The companies are largely confronting the same challenges. Canada's population growth, which for years has been fueled by immigration, has stalled, shrinking the pool of potential customers signing up for plans. At the same time, carriers have dangled more deals to woo customers to their service, which has come as Quebecor has emerged as a national player.
Analysts are looking for signs that prices are stabilizing. TD Cowen's Vince Valentini said the average price for mobile plans is increasing slightly but the trend has been inconsistent.
"Investors are desperately waiting for a floor on pricing," Valentini said. "Show us that we're not on an accelerating pace down on both mobile plan volume and pricing."
Valentini said that carriers tend to hold the line on pricing discipline early in the quarter, then panic if subscription numbers aren't up to snuff and slash plan prices.
One solid month won't be enough to sway investors. "Even if April continues to show good pricing, you're not going to be out of the woods until you get at least one quarter, probably two, of proof," he said.
Telecom companies have underperformed the broader markets lately. Shares in Rogers Communications and BCE are both down by around one-third over the past year, while Telus is down 5%. The S&P TSX index was up around 10% during that time.
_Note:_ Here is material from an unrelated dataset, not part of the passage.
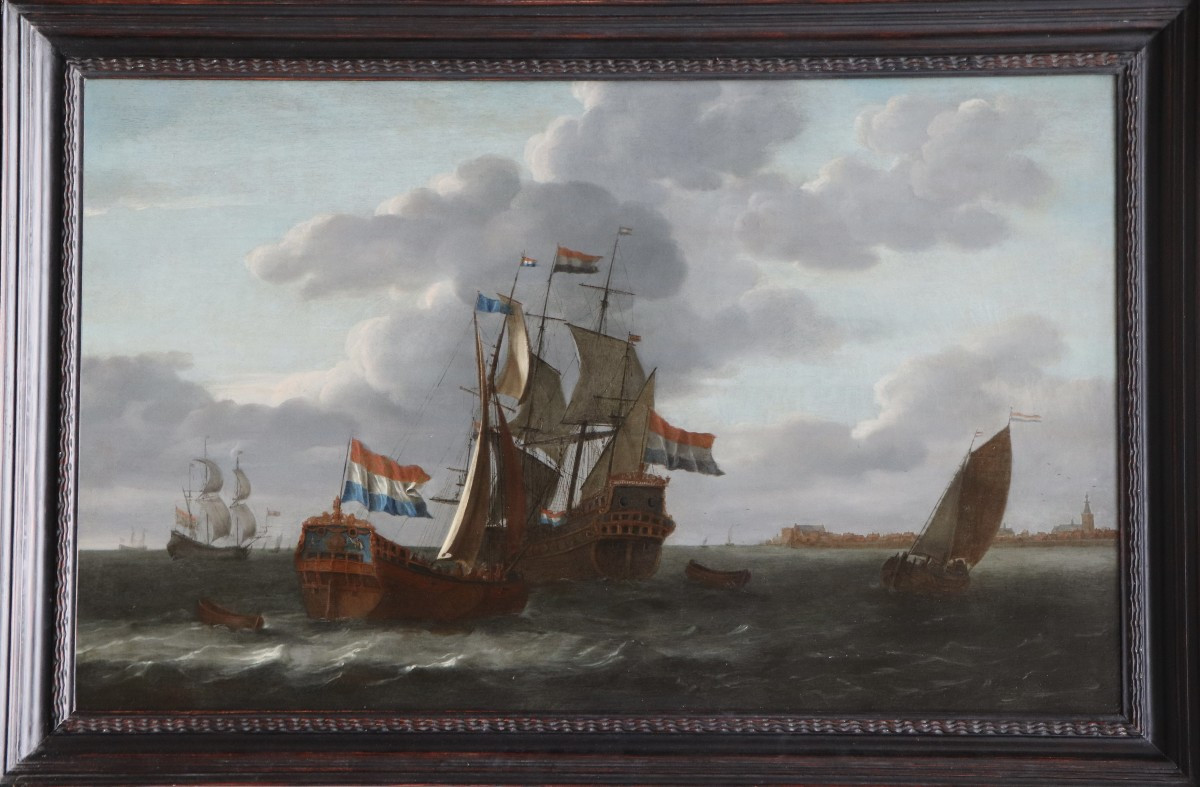 Attribué à Adam Silo (1674 - 1760), Navires hollandais 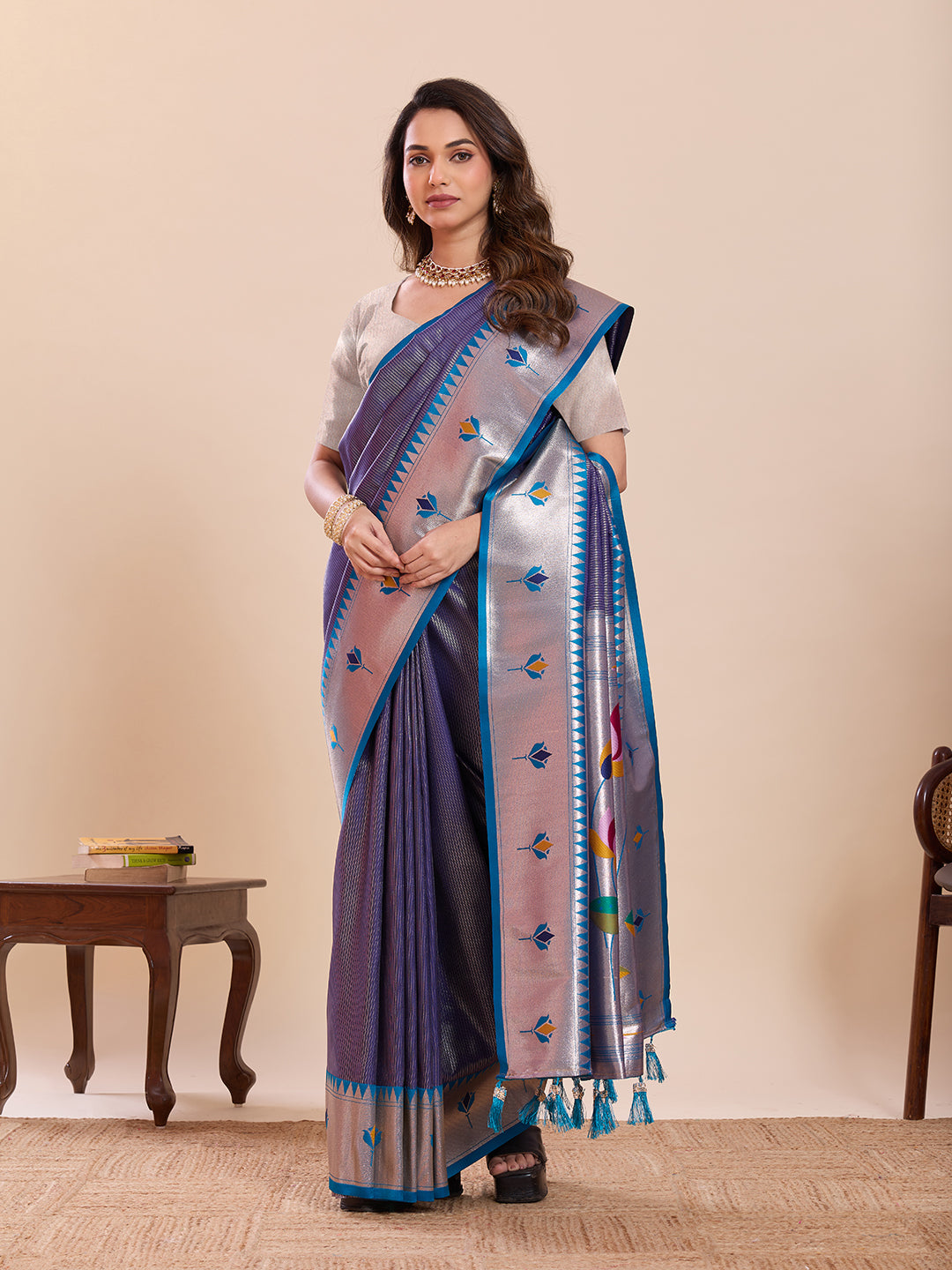 LOTUS PAITHANI ST-PURPLE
The exception is Quebecor--up 15%--which is considered the challenger in the space and has gained market share since acquiring Freedom Mobile from Shaw Communications two years ago.
Balance sheet pressure is the other major overhang. Rogers, for instance, expects to reduce its debt by C$7 billion through an infrastructure deal with Blackstone, while BCE has plans to raise C$7 billion through noncore asset sales, including the sale of Maple Leaf Sports and Entertainment to Rogers for C$4.7 billion. Analysts say these moves only scratch the surface.
"It is hard to convince investors to pay up for acquired growth when the base business is showing weak growth and leverage is elevated," Maher Yaghi said in a Scotiabank report. He said that carriers have to show strong cash flow and deliver it consistently if they plan to rebuild investor trust.
RBC analysts don't see meaningful improvement until at least next year. Analyst Drew McReynolds thinks that the negative trends seen in 2024 are likely to persist through 2025, "making any meaningful Canadian telecom comeback more of a 2026 story."
Consensus on revenue growth for the Big 4 reflects the malaise. Telus is expected to grow 1.2% to C$4.99 billion, while Quebecor revenue is seen being flat at C$1.36 billion. Rogers is forecast to rise 1.6% to C$4.98 billion and BCE revenue is projected to fall to C$5.91 billion, down 1.7%.
Still, McReynolds sees room for a narrative shift if pricing stabilizes and sentiment rebounds from a low base. That could be "one small step for growth, and possibly one giant leap for sentiment."
Write to Adriano Marchese at adriano.marchese@wsj.com
(END) Dow Jones Newswires
April 21, 2025 11:53 ET (15:53 GMT)
Copyright (c) 2025 Dow Jones & Company, Inc.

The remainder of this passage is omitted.